● WHAT IS EXPECTED: Word for word, give the records again, dropping any picture they hold.
*** Begin section ***
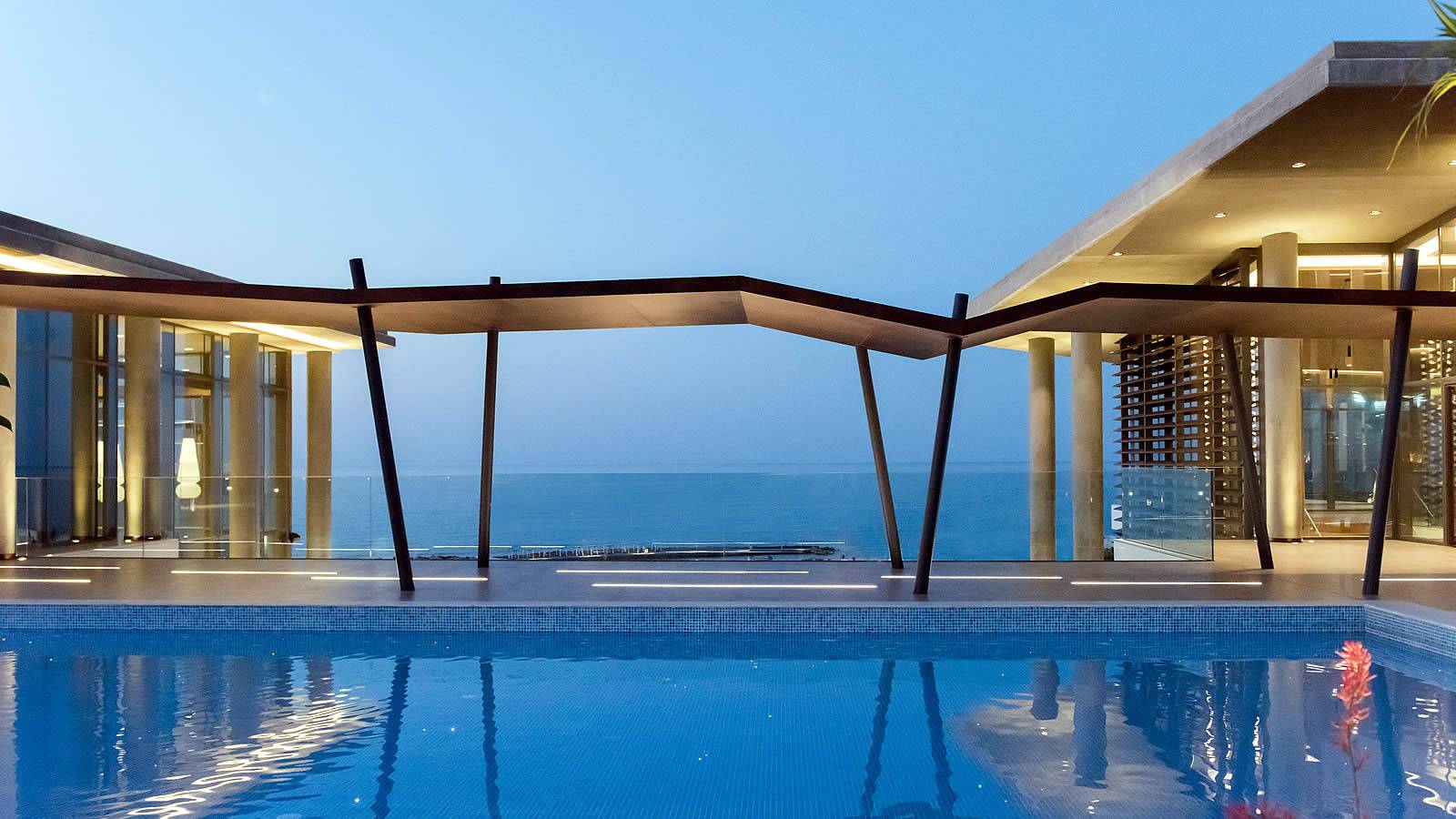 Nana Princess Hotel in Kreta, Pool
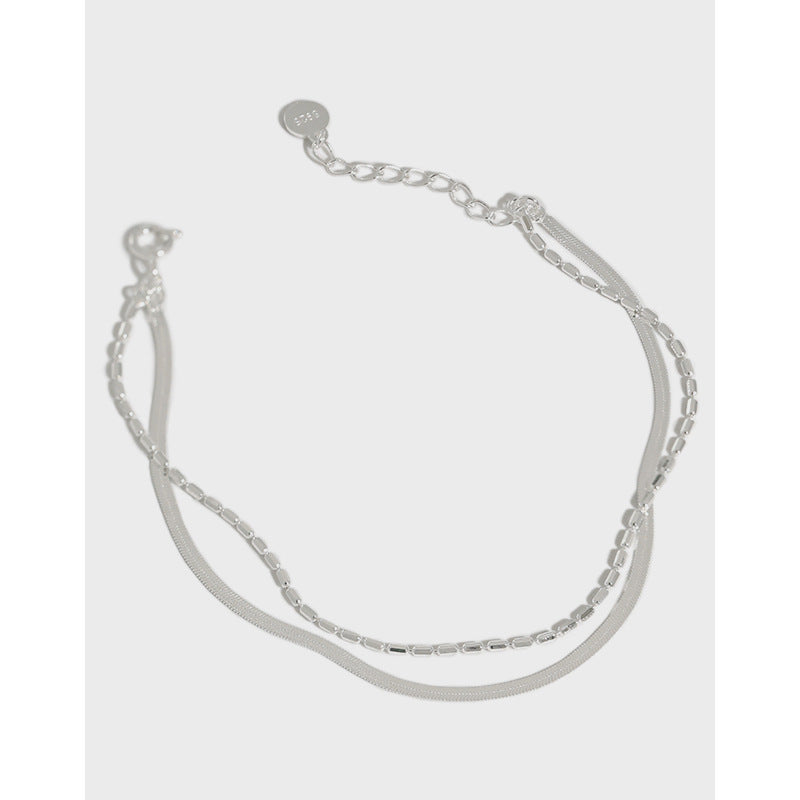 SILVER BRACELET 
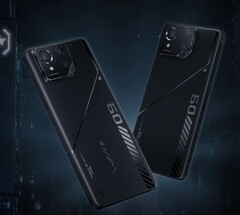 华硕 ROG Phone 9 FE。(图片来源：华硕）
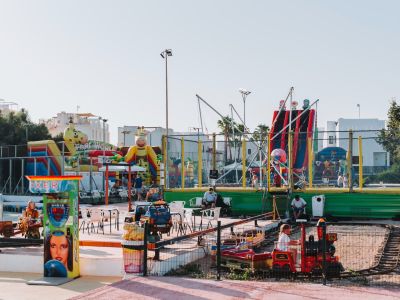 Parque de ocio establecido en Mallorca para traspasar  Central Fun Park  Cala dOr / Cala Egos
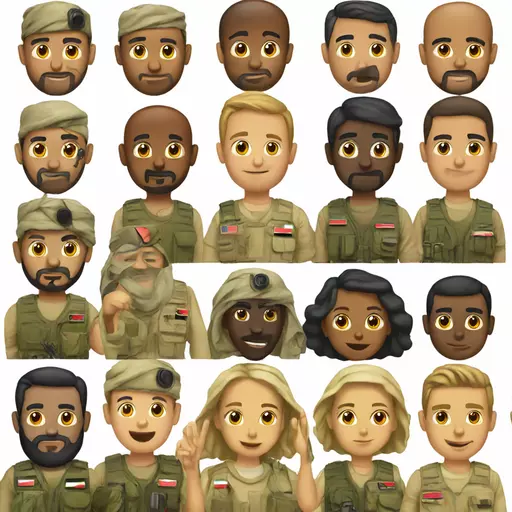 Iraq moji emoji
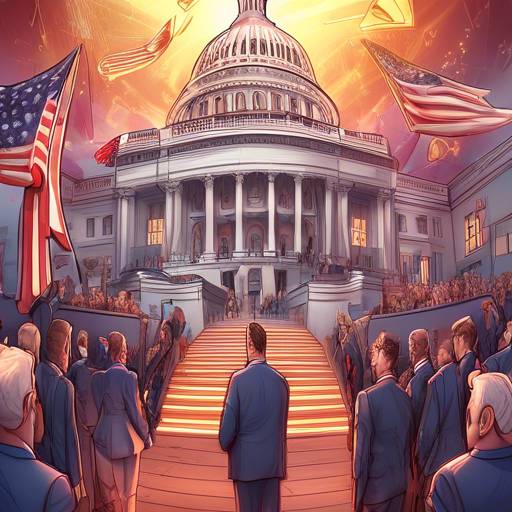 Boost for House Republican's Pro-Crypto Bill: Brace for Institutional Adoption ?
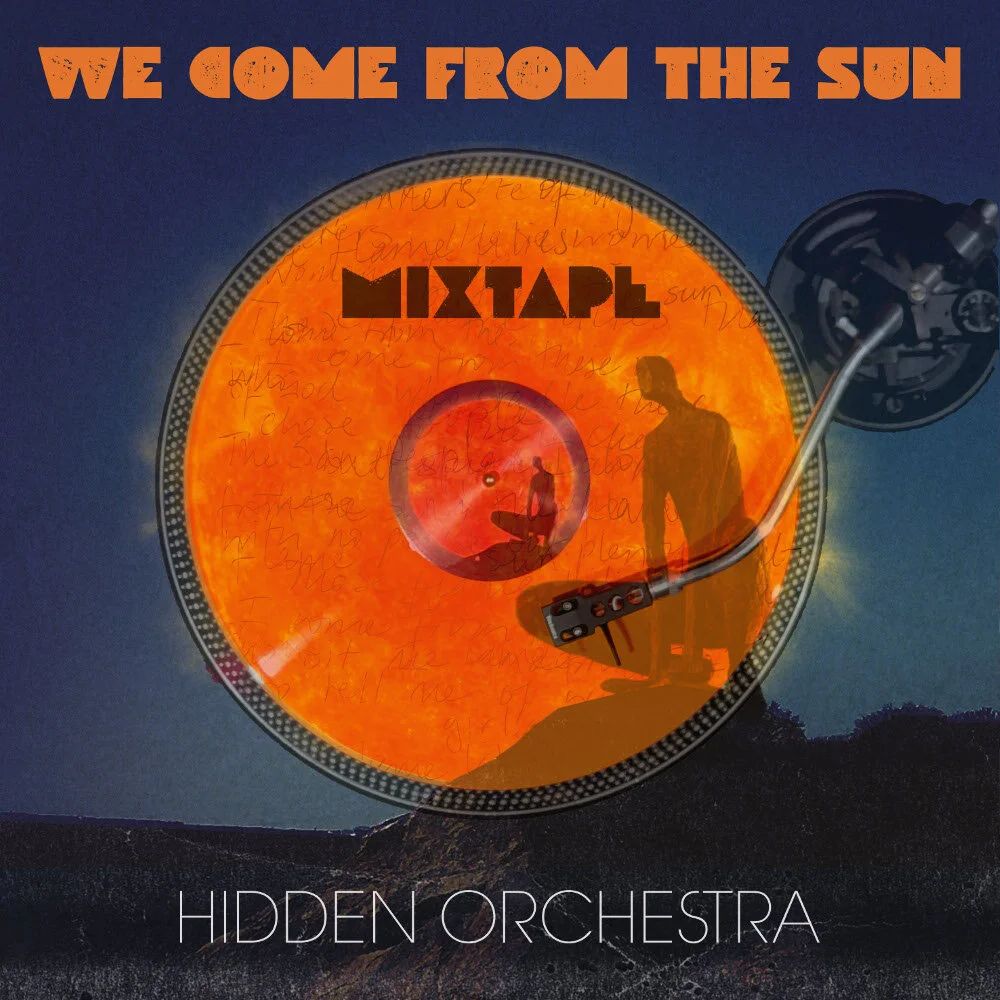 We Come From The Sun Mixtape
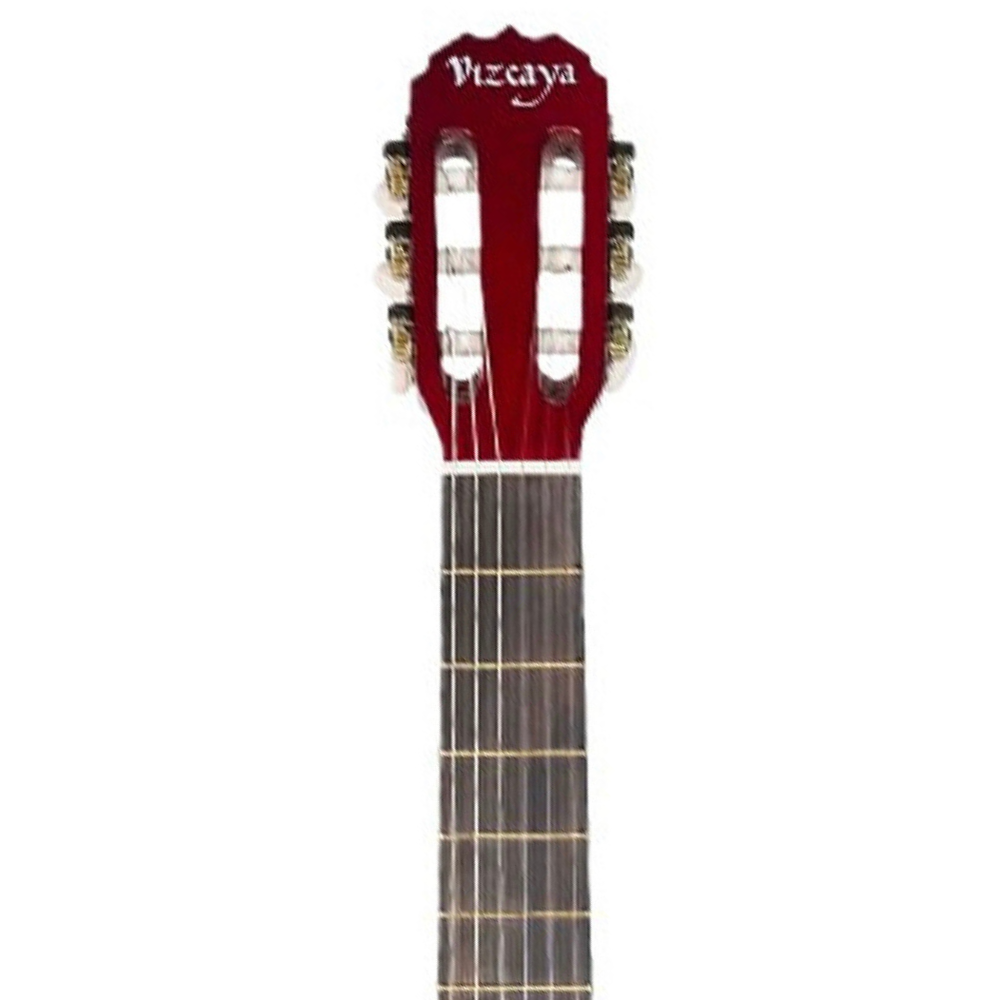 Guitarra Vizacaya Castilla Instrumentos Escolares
*** End section ***
● YOUR RESPONSE:
 Nana Princess Hotel in Kreta, Pool
 SILVER BRACELET 
 华硕 ROG Phone 9 FE。(图片来源：华硕）
 Parque de ocio establecido en Mallorca para traspasar  Central Fun Park  Cala dOr / Cala Egos
 Iraq moji emoji
 Boost for House Republican's Pro-Crypto Bill: Brace for Institutional Adoption ?
 We Come From The Sun Mixtape
 Guitarra Vizacaya Castilla Instrumentos Escolares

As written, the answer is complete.